Uma vez que somos vasos, plenos da luz divina, nossa consciência espiritual é despertada, e, desse modo, nos saciamos com o gozo arrebatador, que vem do Alto, e que nos torna seres ligados àquele que nos criou, por um lado. Entretanto, experienciamos a liberdade, o arbítrio - atributo da deidade e que nos confere a vontade própria, o desejo, o sentido renovador do prazer. Cenário inconfundível do diálogo entre o homem de barro e seu criador; palavra tornada concerto entre o Homem e Deus; relação cambiante de amor entre o Criador e a Criatura. O primeiro sente-se afortunado por propiciar ao segundo o prazer eterno, concedendo a satisfação plena e a felicidade. O segundo, volvendo a face para a Adoração, engrandece o primeiro, através do reconhecimento da Luz, sua recepção espontânea bem como sua função indelével na condição de elemento de completude de nossos corpos espirituais diante da face do Altíssimo.
A plenitude da Luz alcança seu apogeu como o sol que rasga o céu em todo seu esplendor, promovendo o fenômeno da vida e dissipando as trevas no abismo profundo dos oceanos universais. O vaso, nesse estágio crucial, um objeto vivo que, um dia, sentiu as agruras da escuridão, é relíquia resplandescente e portadora da luz que verte na fonte da Criação, sempre eterna, sempre necessária. A luz, nessa trajetória enigmática e sobrenatural, refém de nossos limites, pois somos vasos perfeitos, pertence aos nossos corpos de barro, às nossas fronteiras porosas. Iluminados e suspensos no Éter, realizados e em estado de perfeição, graças ao Criador, uma vez regozijados com a luz primordial, desejamos transbordar; ir além dos limites da luz, vazar para atingirmos patamares elevados da espiritualidade, em processo constante de evolução. A Luz, outrora nossa companheira única e fonte que nos alimentou por muito tempo, derrama e preenche prazerosamente outro vaso. Este vaso preencherá outro, que preencherá outro e os elos vivos se formam ad infinitum, e a luz preencherá no vazio suspenso todos os vasos que existirem.
O princípio do Altruísmo é deixar transbordar a Luz que nos preenche e nos plenifica como vasos que somos; do barro que nos formou e da anima que nos tornou entidades vivas e pontos de luz do Criador, brilhando mais do que as estrelas nas realidades existentes para iluminar outros vasos. A semente do Criador germinou em nosso ventre telúrico que, na escuridão, floresceu, embora não percebêssemos que até nas trevas a imperceptível luz gera a vida. Sentimos, na tessitura da argila, quão maravilhoso é ser dadivoso, pois o ato de dar se sobrepõe ao ato de receber, pois ser Kli é ter a consciência de que só é legítimo o prazer da alma quando o Outro é alcançado pela prática altruística do bem, da compaixão, e, em última análise, do amor incondicional.

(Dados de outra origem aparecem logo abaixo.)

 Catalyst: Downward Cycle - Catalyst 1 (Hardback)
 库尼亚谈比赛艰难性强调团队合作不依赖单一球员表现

Ser Kli é experienciar no vazio suspenso a semelhança que nos aproxima do Criador; transportar a Luz para outros vasos é esvaziar o nosso ser, os nossos desejos que, no ato de renúncia constante, alonga nossos corpos espirituais; preencher outros vasos é desaparecer na luz cósmica para ascender à condição de energia eterna e vital - sopro que um dia saiu dos lábios de Deus.